Conversations For Transformation: Essays Inspired By The Ideas Of Werner Erhard

Conversations For Transformation

Essays By Laurence Platt

Inspired By The Ideas Of Werner Erhard

And More


Poet Laureate III

Diamond Mountain Appellation, Napa Valley, California, USA

February 9, 2012



This essay, Poet Laureate III, is the companion piece to
  1. Poet Laureate
  2. Poet Laureate II
  3. Wordsmith
in that order.

It is also the third in the quadrilogy Poet Laureate:
  1. Poet Laureate I
  2. Poet Laureate II
  3. Poet Laureate III
  4. Poet Laureate IV
in that order.




Poetry evokes  with words.

I'd buy that for a dollar if I was looking for a way to relate Conversations For Transformation to poetry. The thing is when I'm writing Conversations For Transformation, I'm not writing poetry. Nor am I trying to be a poet. If it turns out there's a relationship between what Conversations For Transformation evokes and what poetry evokes, I'll take it. But it's not where my focus is.

I can see how Conversations For Transformation showing up as poetry is an inevitable result of the process they are, given what they bring forth - that is to say, given what I intend  for them to bring forth. In this way, you could say they do  evoke a poetic experience - for this I'm responsible. But this poetic experience is simply a by-product of their creation. It's a by-product I can count on coming forth in the process of their writing. It's a by-product I don't have to have my attention on when I'm in the process of creating them.
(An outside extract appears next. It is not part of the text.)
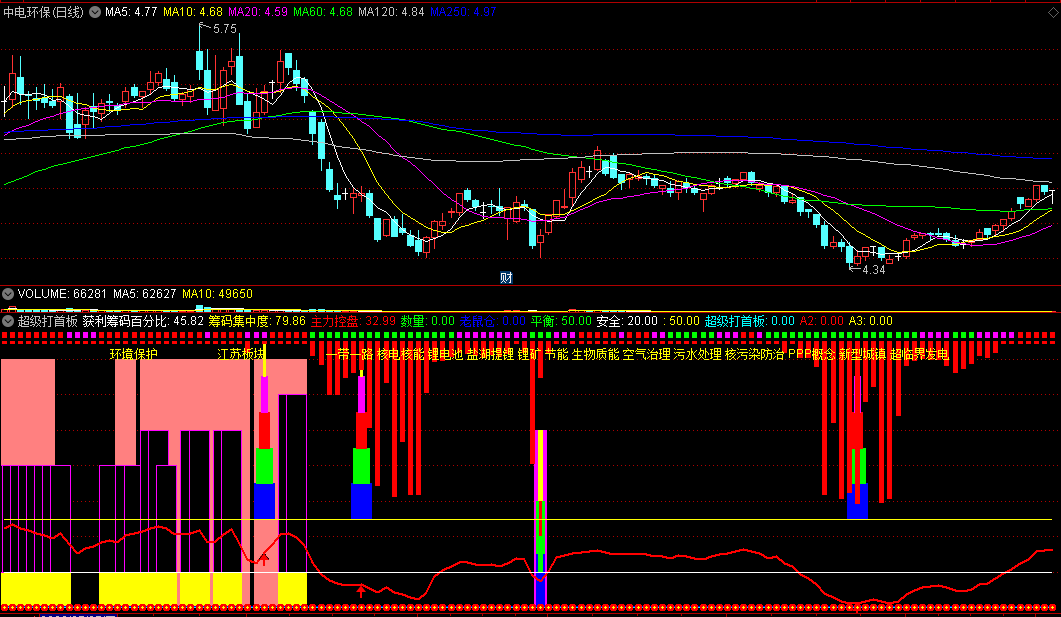 〖超级打首板〗副图指标 主力控盘 筹码集中打板 通达信 源码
But there is one aspect of Conversations For Transformation which does have something deliberately in common with poetry: Conversations For Transformation are inspired by a muse  if you will. Actually they're more than inspired by their muse: they're in service  to their muse. And they don't have to be - it's important you get this: they don't have  to be in service to anything ... and they are. The muse they're in service to is source, the source of my life and my experience, the source of your life and your experience. Yet this isn't significant, any more than the your hair color  or your skin texture is significant. They're just what's so  about you. The source of your life and your experience is simply the source of your life and your experience.
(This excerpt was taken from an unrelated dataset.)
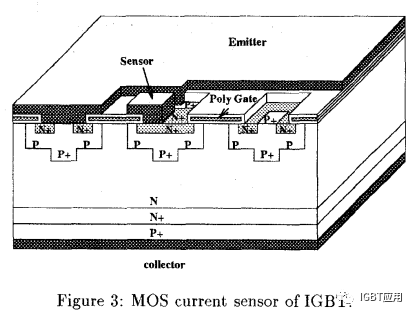 探讨一下IGBT的片上电流传感器基本原理及用法 (https://ic.work/) 传感器 第11张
I'd like to address people generously telling me Conversations For Transformation evoke an experience like poetry evokes for them. This is interesting ...   The mindset I'm in when I write Conversations For Transformation is really closer to the mindset of a computer programmer than it is to a poet's or even to a writer's. What I do isn't assemble words which evoke an experience like poets and writers do. What I do is more akin to pushing buttons, flipping switches, and turning dials (so to speak) to cause  an experience like a computer programmer does. As a computer programmer, my tools for directing the way a computer crunches numbers  and runs apps  and games are a keyboard, a mouse, and code. As a writer of Conversations For Transformation, my tools for directing the way the machine listens  for the possibility of transformation, are words.

So if it's true the purpose of poetry is to evoke with words, Conversations For Transformation only do this as a by-product of their creation. What I'm intent on accomplishing with Conversations For Transformation isn't so much to evoke a poetic experience with words as it is to re-enliven, as it is to rehabilitate the channels of listening  for transformation like a possibility, with words.

This poet laureate, this poet Laurence  isn't simply writing evocative poetry or prose. Although it may seem like that sometimes, the truth about what I do, the truth about what I'm up to is waaay  bigger than that.